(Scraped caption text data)
----------

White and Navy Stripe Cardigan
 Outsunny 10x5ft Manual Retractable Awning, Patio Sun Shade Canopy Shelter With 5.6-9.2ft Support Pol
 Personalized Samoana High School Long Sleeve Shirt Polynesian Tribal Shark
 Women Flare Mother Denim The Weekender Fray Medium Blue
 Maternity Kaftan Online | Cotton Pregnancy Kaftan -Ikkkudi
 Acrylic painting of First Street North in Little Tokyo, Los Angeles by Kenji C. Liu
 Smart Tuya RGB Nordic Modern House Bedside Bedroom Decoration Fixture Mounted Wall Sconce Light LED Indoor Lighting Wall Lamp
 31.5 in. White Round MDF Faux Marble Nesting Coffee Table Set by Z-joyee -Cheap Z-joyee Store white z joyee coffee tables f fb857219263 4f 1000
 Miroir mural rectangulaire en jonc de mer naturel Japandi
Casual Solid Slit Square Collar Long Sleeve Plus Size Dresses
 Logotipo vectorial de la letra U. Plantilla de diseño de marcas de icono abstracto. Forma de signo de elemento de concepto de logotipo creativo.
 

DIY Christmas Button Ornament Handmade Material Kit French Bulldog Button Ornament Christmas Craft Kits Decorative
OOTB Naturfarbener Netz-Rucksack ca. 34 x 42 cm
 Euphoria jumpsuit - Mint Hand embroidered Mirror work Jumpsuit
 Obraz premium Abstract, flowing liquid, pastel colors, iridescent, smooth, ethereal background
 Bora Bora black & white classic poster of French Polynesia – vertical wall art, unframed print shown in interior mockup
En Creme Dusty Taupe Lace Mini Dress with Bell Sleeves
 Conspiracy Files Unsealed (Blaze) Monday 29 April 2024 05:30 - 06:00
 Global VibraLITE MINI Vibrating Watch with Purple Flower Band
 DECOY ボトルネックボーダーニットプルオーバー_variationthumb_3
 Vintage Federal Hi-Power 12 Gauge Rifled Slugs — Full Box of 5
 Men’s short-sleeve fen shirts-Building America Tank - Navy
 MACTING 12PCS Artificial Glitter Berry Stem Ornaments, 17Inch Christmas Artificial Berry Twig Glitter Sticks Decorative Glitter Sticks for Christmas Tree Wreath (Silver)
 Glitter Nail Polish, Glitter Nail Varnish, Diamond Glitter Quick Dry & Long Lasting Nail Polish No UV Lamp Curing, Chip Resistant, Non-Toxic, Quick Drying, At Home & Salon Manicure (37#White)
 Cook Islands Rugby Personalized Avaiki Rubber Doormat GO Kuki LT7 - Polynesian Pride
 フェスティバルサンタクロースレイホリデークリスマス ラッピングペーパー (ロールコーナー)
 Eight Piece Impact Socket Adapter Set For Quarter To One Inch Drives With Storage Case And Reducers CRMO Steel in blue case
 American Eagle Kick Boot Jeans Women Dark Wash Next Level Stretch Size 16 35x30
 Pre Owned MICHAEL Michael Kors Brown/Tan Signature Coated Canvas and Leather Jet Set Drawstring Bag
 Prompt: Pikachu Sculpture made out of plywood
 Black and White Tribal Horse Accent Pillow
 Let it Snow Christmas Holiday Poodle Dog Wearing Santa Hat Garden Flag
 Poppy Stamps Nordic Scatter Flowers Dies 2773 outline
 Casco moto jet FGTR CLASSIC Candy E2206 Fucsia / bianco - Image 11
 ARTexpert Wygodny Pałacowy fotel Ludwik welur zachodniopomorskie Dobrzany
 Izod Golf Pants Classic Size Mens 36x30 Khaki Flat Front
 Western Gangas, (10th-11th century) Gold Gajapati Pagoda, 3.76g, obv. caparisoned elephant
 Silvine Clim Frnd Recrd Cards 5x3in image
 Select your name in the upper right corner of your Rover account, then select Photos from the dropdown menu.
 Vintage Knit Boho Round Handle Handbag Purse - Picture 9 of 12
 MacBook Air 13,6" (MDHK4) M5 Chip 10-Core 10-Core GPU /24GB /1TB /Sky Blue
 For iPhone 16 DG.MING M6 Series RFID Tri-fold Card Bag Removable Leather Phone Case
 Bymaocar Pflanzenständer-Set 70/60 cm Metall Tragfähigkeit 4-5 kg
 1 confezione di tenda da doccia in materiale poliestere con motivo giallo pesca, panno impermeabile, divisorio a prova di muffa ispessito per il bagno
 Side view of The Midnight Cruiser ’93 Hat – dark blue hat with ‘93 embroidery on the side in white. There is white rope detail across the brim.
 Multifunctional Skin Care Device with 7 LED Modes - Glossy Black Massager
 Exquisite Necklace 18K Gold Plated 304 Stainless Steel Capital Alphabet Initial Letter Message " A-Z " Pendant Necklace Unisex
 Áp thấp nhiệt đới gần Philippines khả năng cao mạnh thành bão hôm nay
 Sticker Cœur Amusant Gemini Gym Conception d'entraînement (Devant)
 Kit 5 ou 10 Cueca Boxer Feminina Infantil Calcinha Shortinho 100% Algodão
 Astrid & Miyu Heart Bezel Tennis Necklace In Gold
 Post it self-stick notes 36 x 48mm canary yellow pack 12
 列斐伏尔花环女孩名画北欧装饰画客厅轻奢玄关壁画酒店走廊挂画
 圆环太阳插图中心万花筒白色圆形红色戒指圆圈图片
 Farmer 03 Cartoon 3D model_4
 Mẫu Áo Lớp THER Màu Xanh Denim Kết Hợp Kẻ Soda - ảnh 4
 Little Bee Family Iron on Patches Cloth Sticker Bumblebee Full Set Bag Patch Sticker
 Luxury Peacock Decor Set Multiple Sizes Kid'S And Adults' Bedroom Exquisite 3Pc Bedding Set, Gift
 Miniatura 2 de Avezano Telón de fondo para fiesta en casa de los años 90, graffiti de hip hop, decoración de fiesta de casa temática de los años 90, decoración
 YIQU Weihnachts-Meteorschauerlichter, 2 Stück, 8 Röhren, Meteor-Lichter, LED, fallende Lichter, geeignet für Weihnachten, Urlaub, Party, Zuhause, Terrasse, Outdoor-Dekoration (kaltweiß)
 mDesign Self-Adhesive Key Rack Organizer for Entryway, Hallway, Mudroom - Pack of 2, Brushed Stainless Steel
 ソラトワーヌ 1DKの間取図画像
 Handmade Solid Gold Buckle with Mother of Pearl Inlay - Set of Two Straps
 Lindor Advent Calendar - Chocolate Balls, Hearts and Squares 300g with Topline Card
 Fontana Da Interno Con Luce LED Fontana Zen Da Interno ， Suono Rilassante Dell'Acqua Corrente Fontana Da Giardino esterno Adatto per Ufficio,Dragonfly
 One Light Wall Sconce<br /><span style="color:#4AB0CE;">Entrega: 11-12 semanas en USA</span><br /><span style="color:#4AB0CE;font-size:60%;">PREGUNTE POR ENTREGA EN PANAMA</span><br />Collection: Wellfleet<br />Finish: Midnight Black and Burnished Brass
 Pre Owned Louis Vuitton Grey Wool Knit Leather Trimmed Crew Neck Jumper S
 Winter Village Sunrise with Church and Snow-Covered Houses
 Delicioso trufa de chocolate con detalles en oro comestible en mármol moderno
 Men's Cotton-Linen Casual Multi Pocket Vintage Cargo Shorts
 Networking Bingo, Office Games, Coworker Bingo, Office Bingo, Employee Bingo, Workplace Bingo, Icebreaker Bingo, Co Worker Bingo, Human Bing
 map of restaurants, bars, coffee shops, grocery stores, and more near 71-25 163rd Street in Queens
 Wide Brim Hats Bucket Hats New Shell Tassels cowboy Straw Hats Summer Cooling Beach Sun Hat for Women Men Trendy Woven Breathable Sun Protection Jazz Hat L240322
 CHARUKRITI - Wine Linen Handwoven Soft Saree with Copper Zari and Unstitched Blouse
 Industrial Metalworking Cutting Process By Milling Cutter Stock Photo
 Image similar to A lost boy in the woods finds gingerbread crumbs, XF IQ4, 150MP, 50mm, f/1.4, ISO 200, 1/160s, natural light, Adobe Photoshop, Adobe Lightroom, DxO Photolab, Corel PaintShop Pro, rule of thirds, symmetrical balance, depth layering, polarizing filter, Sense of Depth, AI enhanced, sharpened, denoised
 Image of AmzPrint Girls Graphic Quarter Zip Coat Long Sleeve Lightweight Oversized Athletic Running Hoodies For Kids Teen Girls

----------

REQUIRED WORK
Copy each line of the data above that holds "Exquisite".

ANSWER FOR THE TASK
 Exquisite Necklace 18K Gold Plated 304 Stainless Steel Capital Alphabet Initial Letter Message " A-Z " Pendant Necklace Unisex
 Luxury Peacock Decor Set Multiple Sizes Kid'S And Adults' Bedroom Exquisite 3Pc Bedding Set, Gift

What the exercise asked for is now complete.